#### Action item:
The listing is to be returned word for word, without its images.

#### Given material:
• • •

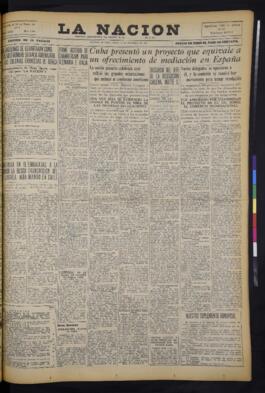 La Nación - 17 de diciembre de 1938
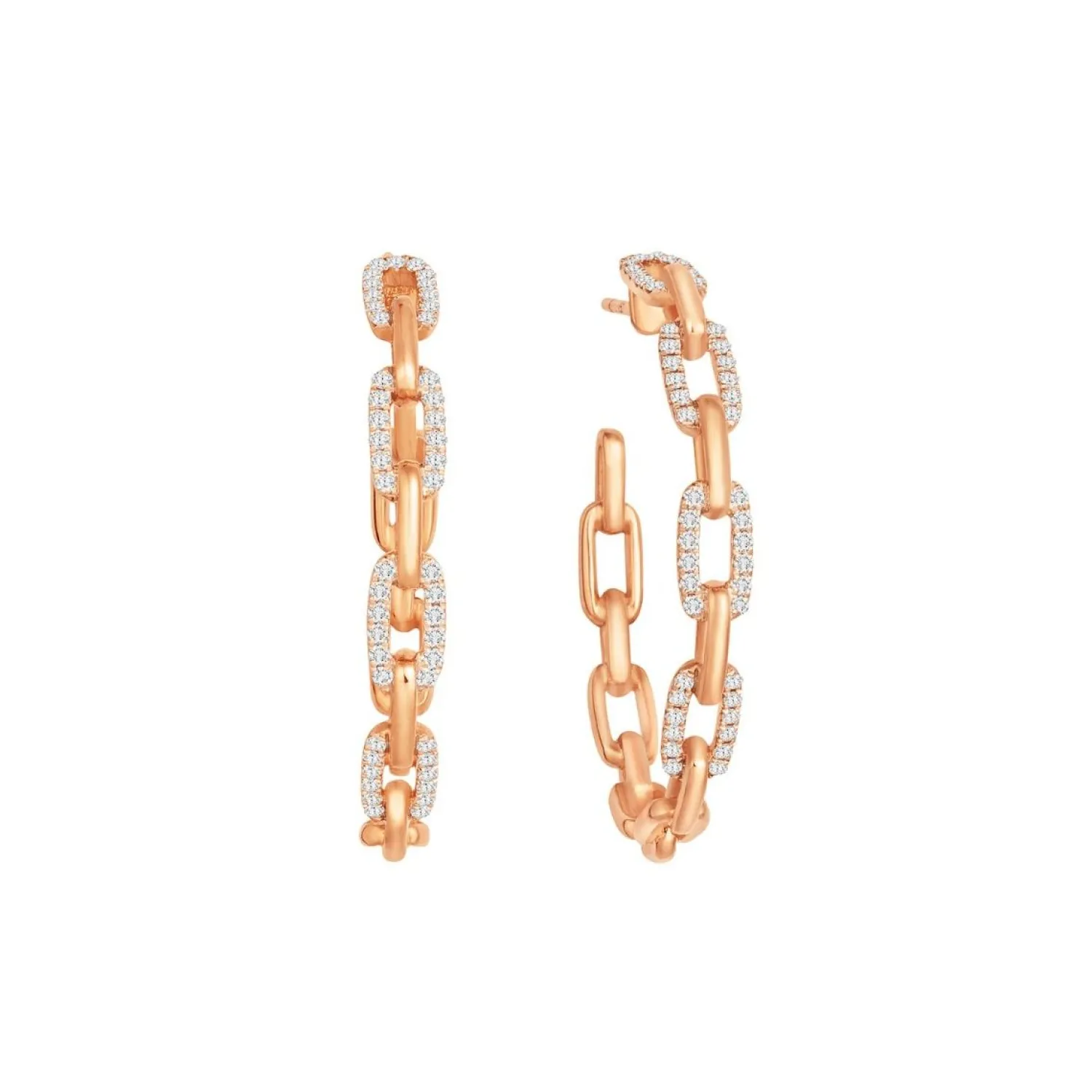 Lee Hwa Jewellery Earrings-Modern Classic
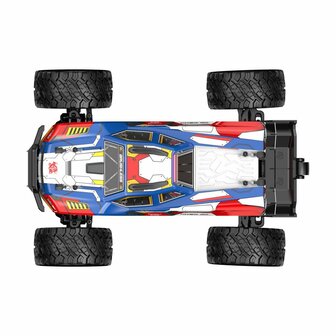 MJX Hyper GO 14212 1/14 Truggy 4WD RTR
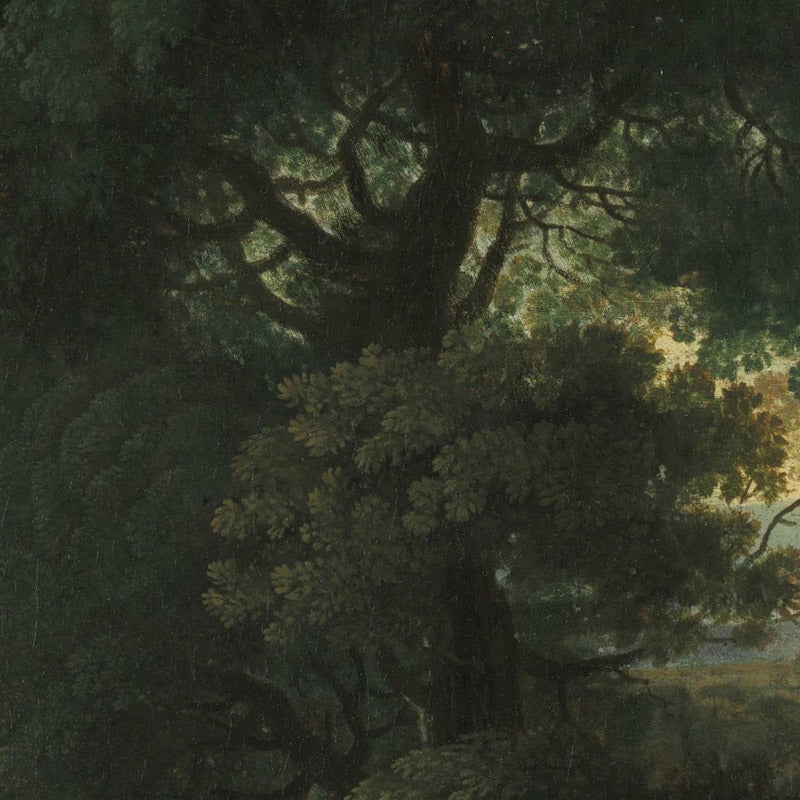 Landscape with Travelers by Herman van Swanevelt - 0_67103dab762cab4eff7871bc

• • •

#### Solution to the problem:
 La Nación - 17 de diciembre de 1938
 Lee Hwa Jewellery Earrings-Modern Classic
 MJX Hyper GO 14212 1/14 Truggy 4WD RTR
 Landscape with Travelers by Herman van Swanevelt - 0_67103dab762cab4eff7871bc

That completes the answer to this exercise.